“Bits and pieces” eventually evolve into a Motown milestone
- The Motown vault shows this picture to have been taken in late 1966, when Jimmy Ruffin had finally joined the ranks of the company’s Top 10 hitmakers with “What Becomes Of The Brokenhearted.” It may even have been his first proper photo session, despite the fact that the singer had been signed to Berry Gordy’s enterprise since 1960. When his first album, Jimmy Ruffin Sings Top Ten, was released in January ’67, a performance shot was used for the cover. Years later, Ruffin grumbled about it. “There’s a picture of me taken live at the 20 Grand,” he told author Bill Dahl. “With a big record like ‘Brokenhearted,’ why wouldn’t they do a proper photo session?”

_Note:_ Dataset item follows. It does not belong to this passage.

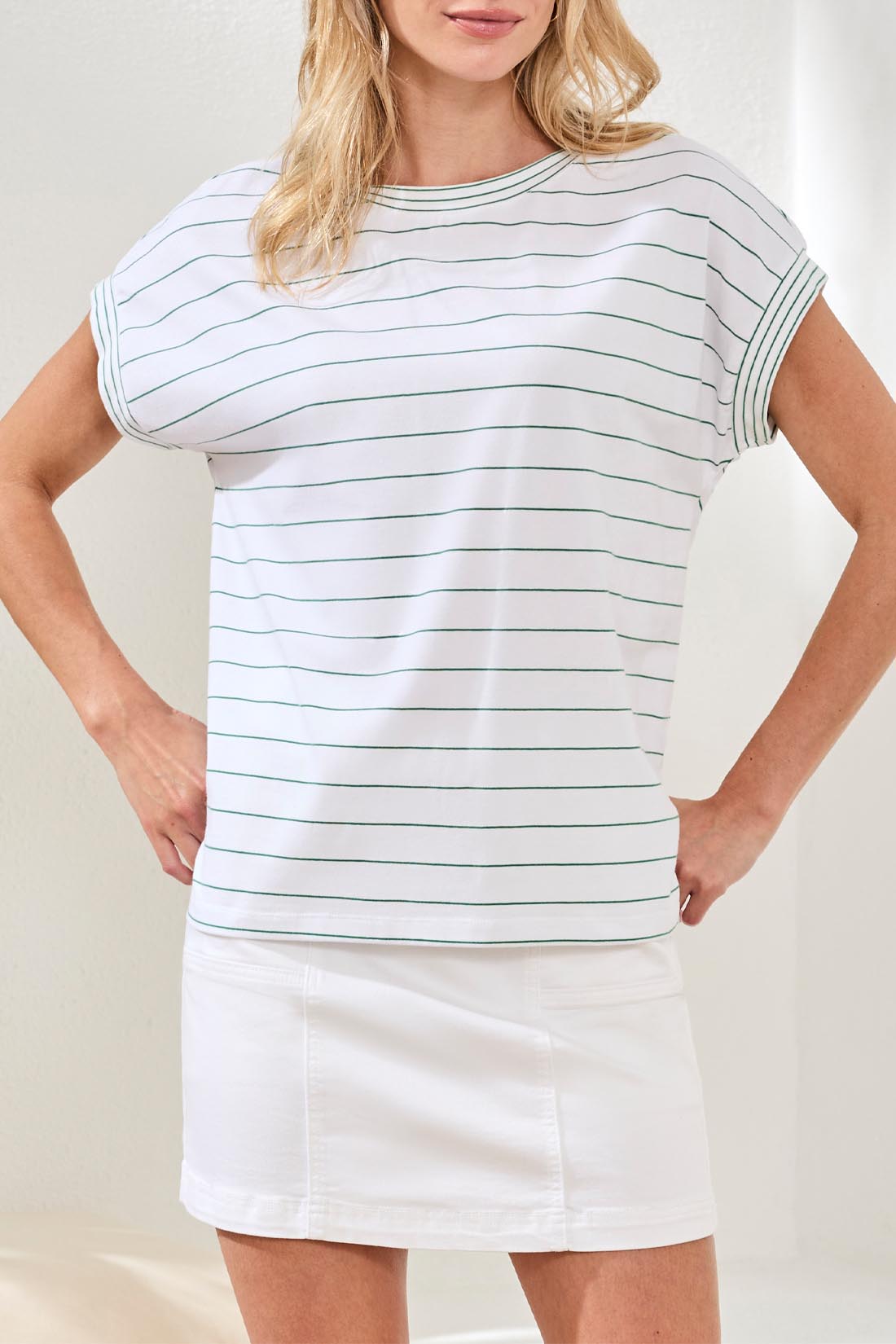 Tribal Cap Sleeve Top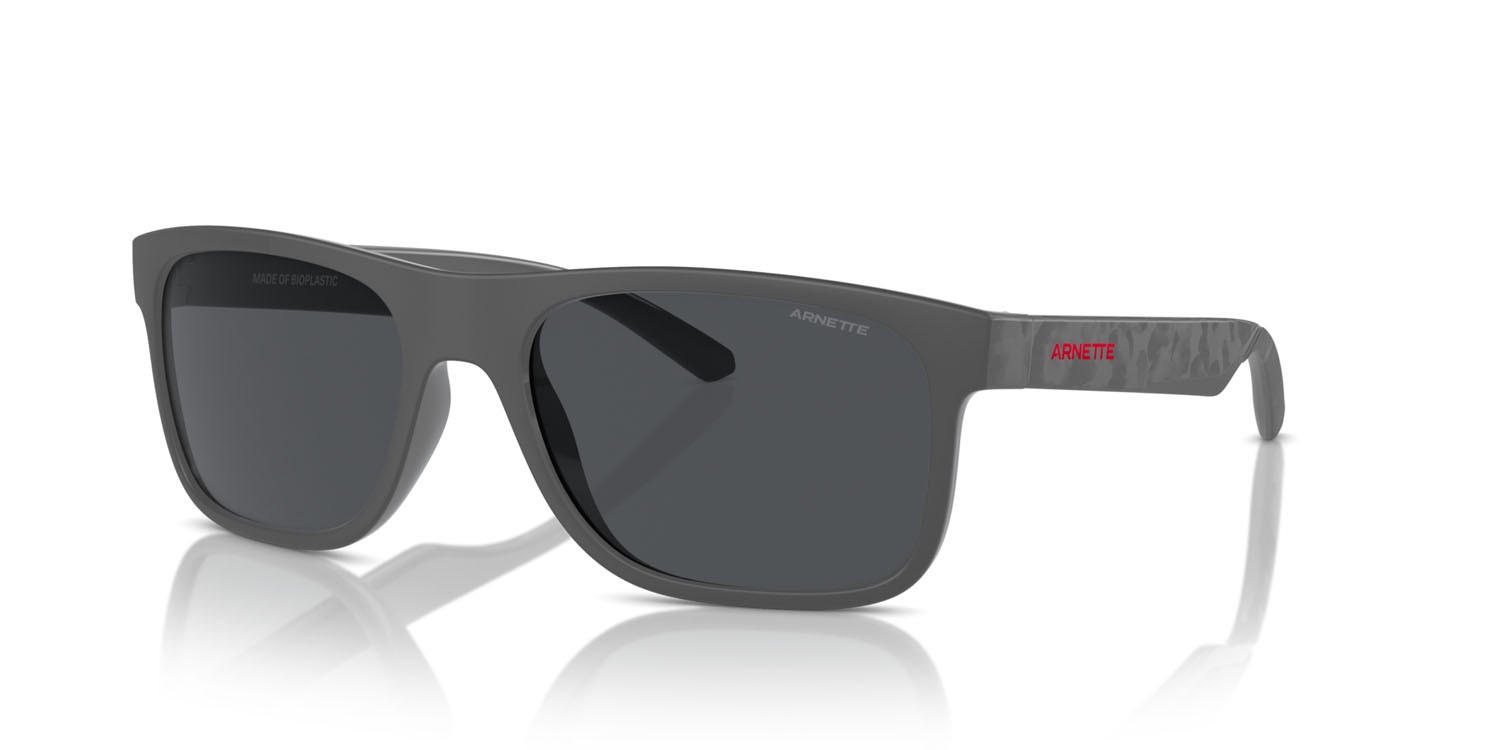 Sonnenbrillen Arnette Khim AN 4341 (287087) farbe medium grey form quadratisch gläser grigio scuro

- The above sharp-suited, bow-tied snap of Ruffin has been put to use many times since that time, long after he added his vocals to the track of “What Becomes Of The Brokenhearted” in late 1965. Seven months passed before it was released as a single, and another four before it reached the upper reaches of the Billboard Hot 100. Then again, Motown was rather busy that October: in addition to Ruffin’s hit, the company had another three 45s in the Top 20, including the Four Tops’ “Reach Out I’ll Be There” (at Number One) and the Temptations’ “Beauty Is Only Skin Deep,” featuring the lead vocals of David Ruffin, Jimmy’s younger brother.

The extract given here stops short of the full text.